▸ **What you are asked to do**
Locate the line that contains "Trader Joe’s, #Min, Tote And Mint And Ivory" in the data that follows. Copy it and every subsequent line to the end, exactly, excluding pictures.

▸ **Exercise data**
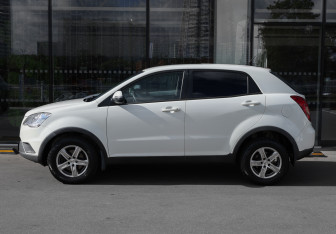 Подержанный автомобиль SsangYong Actyon 2011 года (7 фото)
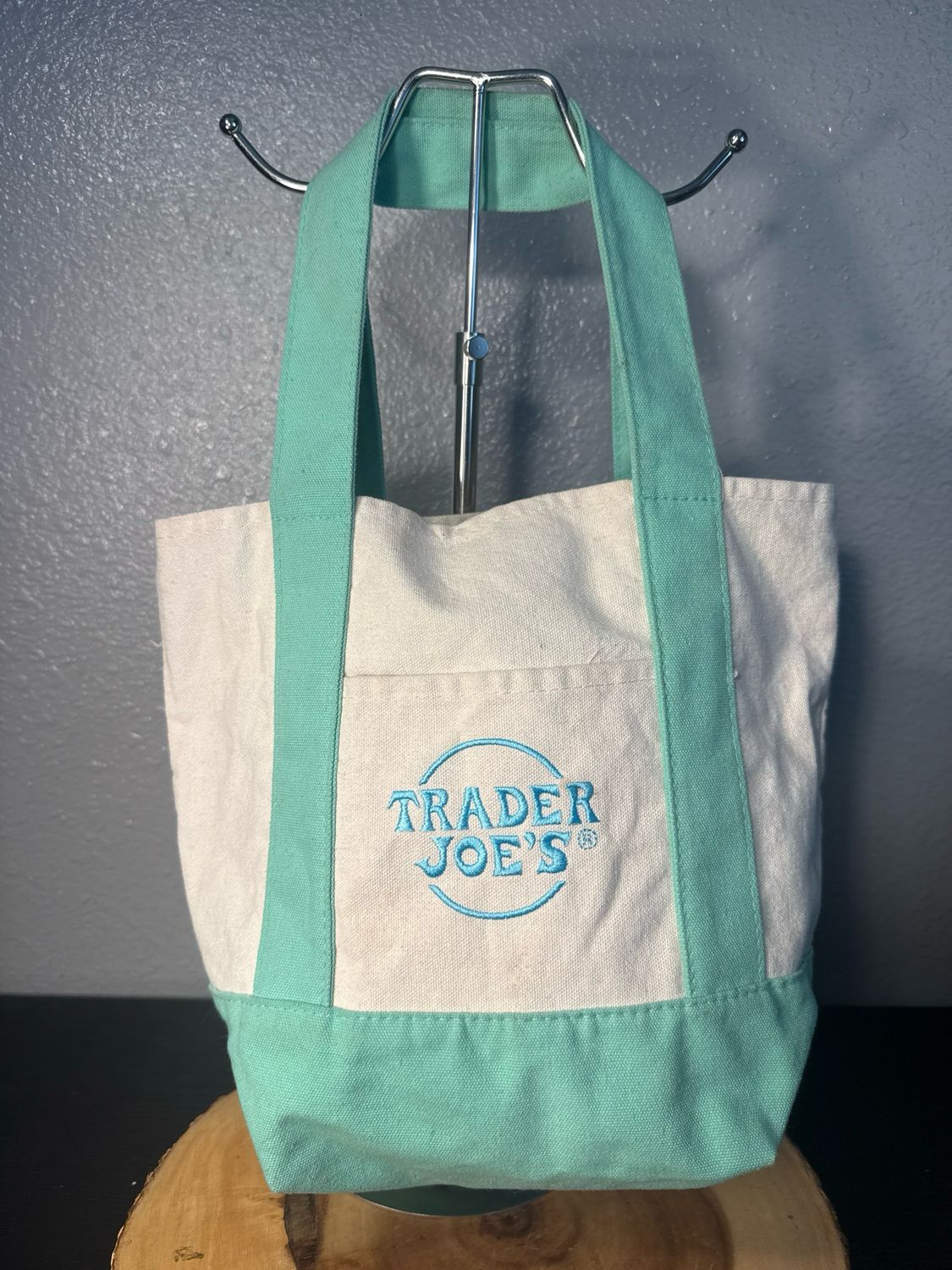 Trader Joe’s, #Min, Tote And Mint And Ivory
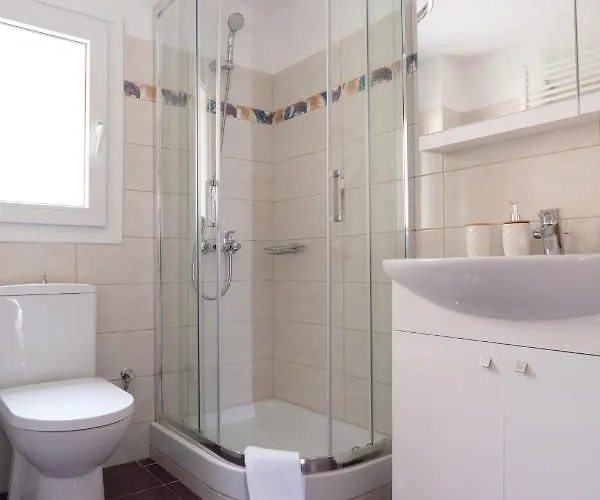 Lengo.d.home Apartamento Benitses (Corfu)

▸ **Solution to the exercise**
 Trader Joe’s, #Min, Tote And Mint And Ivory
 Lengo.d.home Apartamento Benitses (Corfu)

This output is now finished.